Back-to-school season is in full swing. Our weekday mornings are back to being super busy and sometimes downright hectic. The thought of packing a healthy lunch can often feel daunting or nearly impossible, especially if we haven’t planned ahead. This is when we ‘re inclined to turn toward the less-healthy convenience items as a quick solution. But it doesn’t have to be that way! Here are some easy tips for putting together nourishing lunches that appeal to all tastes with a minimum amount of time. These ideas are great not only for kids going off to school, but your homeschooled kiddos, and any loved one heading off to work.
Step 1. Make a plan
Planning out meals, especially school lunches, has so many benefits. First, it saves you time. During one small chunk of time you organize the entire week (or month) saving time spent figuring out what to make on a day-by-day basis. You will also reduce trips to the grocery store having created a shopping list from your plan. Second, you will save money. Creating a shopping list reduces the chances of frivolous spending and may inspire you to check out sales or clip coupons. You will also save on gas with less trips to the grocery store. Lastly, meal planning promotes healthy eating. By thinking ahead of what will go in the lunchbox, you have more control over the ingredients and will most likely end up with more healthful and nutritious foods.
Step 2. Know your healthy go-to foods
Even if you don’t get to meal planning this week, having a master list of your kids’ favorite lunch items and healthy additions will save you some time (and stress) on those busy mornings. For creating that go-to list, consider the basic categories for a well-balanced lunch:
-nut or seed butters (peanut butter, almond butter, cashew butter, sunflower butter, pumpkin seed butter)
-hard boiled egg
-lentil, bean, or chicken soup
-hummus or bean dip
-sandwich or wrap
-dinner leftovers (meatloaf, roasted chicken, etc.)
-jerky (fish or meat)
b. Fruit & Vegetables:
-dippable fruit and veggies with hummus, guacamole, dressing, yogurt
-smoothies in a thermos
-salad with dressing
-fresh fruit kebobs
-veggie sushi rolls
c. Water: Just skip the juice box.

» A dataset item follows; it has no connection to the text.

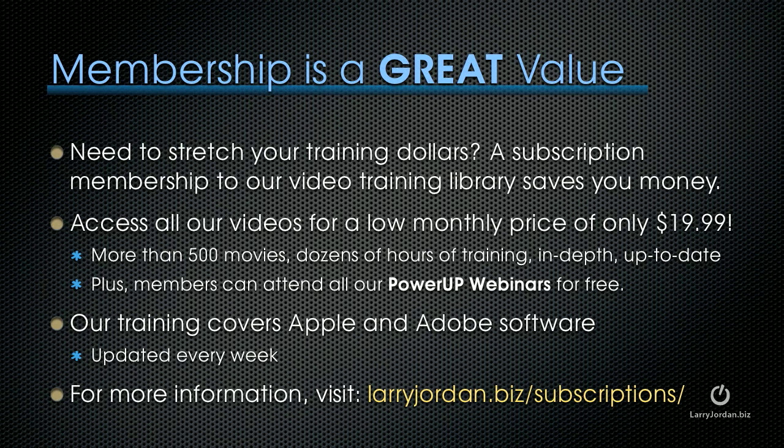If you need to stretch your training dollars, a subscription membership to our video training library saves you money. You can access all of our videos for a low monthly price of only $19.99. That's more than 500 movies, dozens of hours of training, all in-depth and up-to-date. Plus, members can attend any of our Power Up webinars for free. Our training covers Apple and Adobe software. We update it every week, and for more information, visit larryjordan.biz slash subscriptions.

Yes it may be one of the easiest parts of packing the lunch box, but it only leads to is extra sugar that children simply do not need. Instead, try a reusable water bottle filled with cold water (add a little lemon if they like tart). This is also another way to save time and money (no more buying extra juice boxes).
d. Add a little treat:
-fruit and veggie muffin
-homemade fruit & nut (or seed) bars
-trail mix with dried fruit
-chia fruit pudding
Step 3. Get the kids involved
Getting the kids involved in meal prep has many rewards. It is a great way to spark their curiosity in new foods and it also helps them to feel empowered by taking part in their own health. It’s great to start this process with them at a young age. For example, create a check-off list for your kindergartener or first grader and it could look similar to this:
Lunch Box Checklist:
Step 4. Keep it simple
Planning and packing a healthy lunch box does not have to be complicated. Step 3 discussed the basic components of a wholesome lunch. Remember to focus on fresh, whole food ingredients that can be put together simply and you’ll have the easiest time getting your kids off to school.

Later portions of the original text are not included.